One game, one loss, one ugly 7-4 loss to the Philadelphia Flyers.  The details are here


Offense: 4.00/game (season: 3.58 / 2nd)

Four goals would be enough to win most games.  In 300 games in which they scored four or more goals since 2010-2011, the Caps won 268 times (14 losses in regulation, 18 extra time losses).
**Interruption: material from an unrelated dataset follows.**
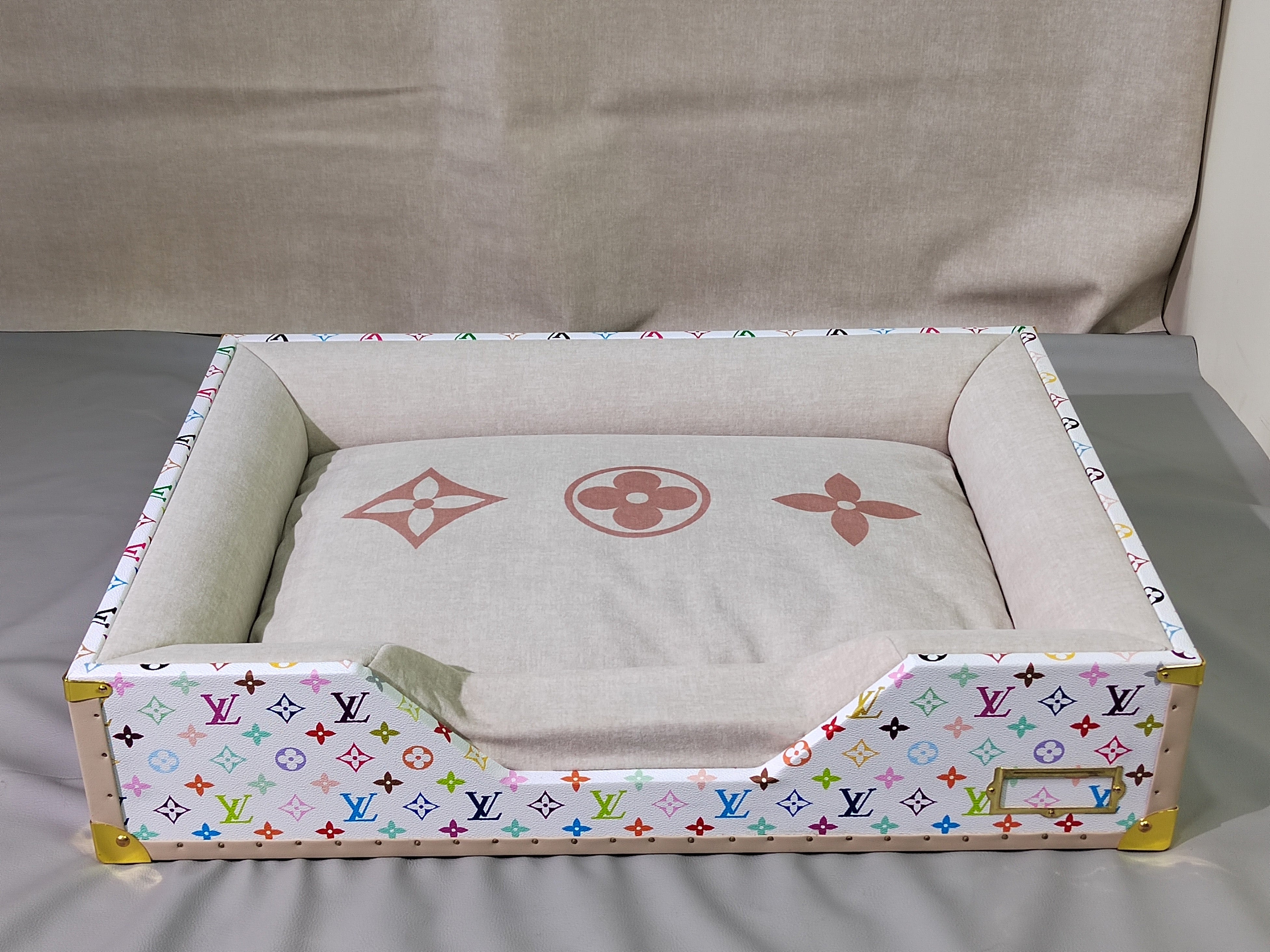 CUSTOM LV PET BED (MURAKAMI)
They did not win their 301st game in that span of four-goal games. 

Defense: 7.00/game (season: 3.58 / 27th)

In that same span of time, starting with the 2010-2011 season, the Caps allowed seven or more goals only 13 times.  They lost in every instance, as one might expect (0-10-3).  They lost their 14th instance, too.

Goaltending: 6.07 / .727 (season: 3.27 / .895)

Not a good week, but at least Craig Anderson saw his first action as a Capital.  The bad news…he gave up a goal on the first shot he faced as a Cap, coming into the game in relief of Vitek Vanecek, who was excused from duty after two periods, the first time he was pulled in his NHL career.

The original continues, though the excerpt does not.